By the time the application for amendment was made, the two-year limitation period stipulated under the Patents Act 1977, s.37(5), had expired.

In this action the questions for determination were
(i) what a person claiming entitlement to a patent in someone else's name had to prove: was it enough for him to show that he was the inventor and that the registered proprietor was not, or did he have to allege that the registered proprietor had procured registration by breach of some other rule of law? and

(ii) whether, after the expiry of the two-year limitation period, a person could amend a claim for joint entitlement, to make it a claim to sole entitlement.
Allowing the appeal, the House of Lords (for whom Lord Hoffmann gave the main speech) said as follows:
* Sections 7(2) and s.7(3) of the Patents Act 1977 provided an exhaustive code for determining who was entitled to the grant of a patent.

* the first step in any dispute over entitlement was to decide who was the inventor of the claimed invention: this was the actual deviser of the invention.

* by s.7(4), a person who sought to be added as a joint inventor bore the burden of proving that he contributed to the inventive concept underlying the claimed invention; a person seeking to be substituted as sole inventor bore the additional burden of proving that the inventor named in the patent had not contributed to the inventive concept.

* there was nothing in the statute that said that entitlement depended on anything other than being the inventor. Nor was there any justification, in a dispute over who was the inventor, for importing questions as to whether either claimant had some personal cause of action against the other.

* the result in Markham was correct, the broad principle it established -- that any claim to entitlement to a patent, even by someone claiming simply to have been the inventor, required reliance upon "some other rule of law" -- was wrong, so that decision would be overruled. The first set of amendments sought by Yeda was thus unnecessary.

* an amendment of a claim for joint entitlement to a claim to sole entitlement was not the assertion of a new claim;

* proceedings under s.37(1) were not an ordinary civil claim, but rather a reference of a question to the comptroller. The statement accompanying the reference was not analogous to a claim form asserting a cause of action in a court of law, and the question of whether a claim to full entitlement was a new or different claim was irrelevant.

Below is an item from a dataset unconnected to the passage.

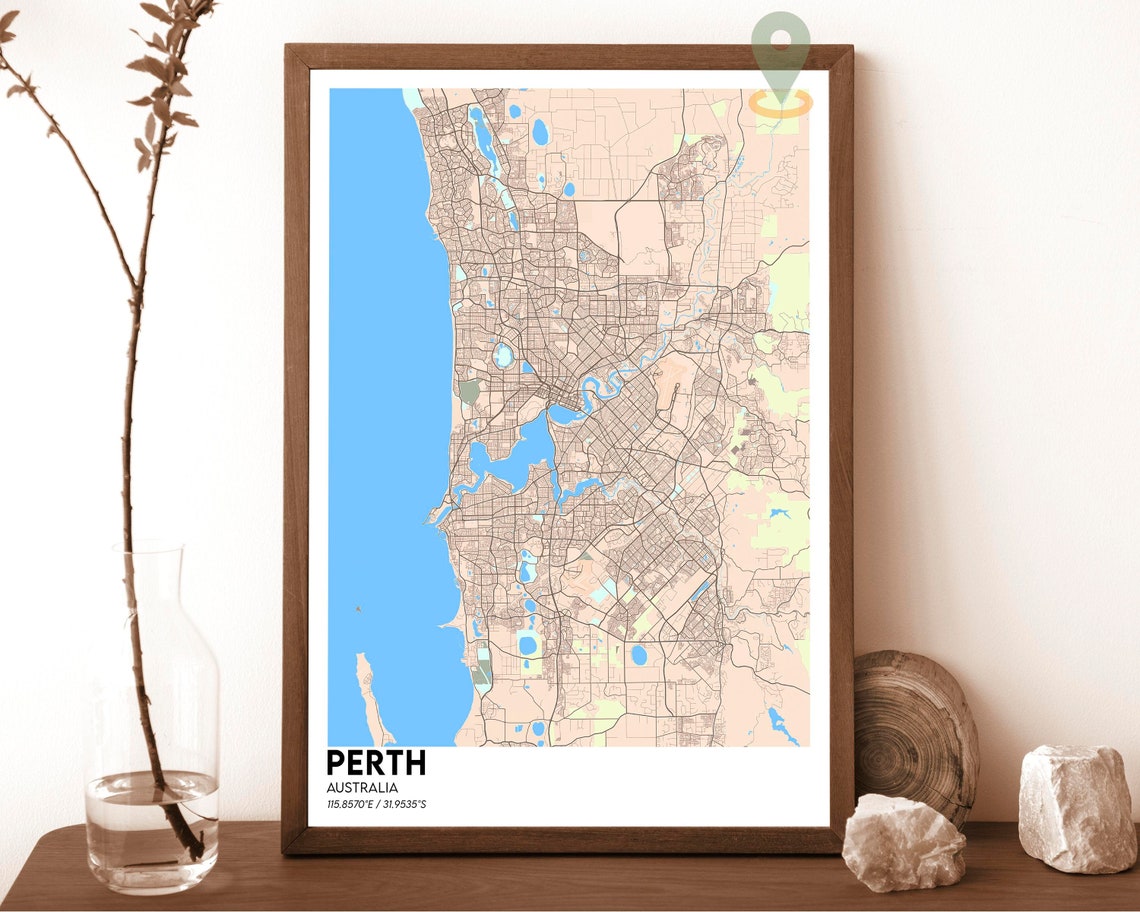Perth Australia Teal Orange Minimalist City Map Wall Decor Poster - Image 5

* the real question was whether amendment of the statement of facts would make the reference a new one. Plainly, it would not. In this case the reference had been made within the two-year period, identifying the statutory questions referred to the comptroller. The comptroller was still being asked to decide those questions and it was difficult to see how any amendments to the accompanying statement could make it a different reference.
The IPKat thinks this is plainly right and that it makes good sense too.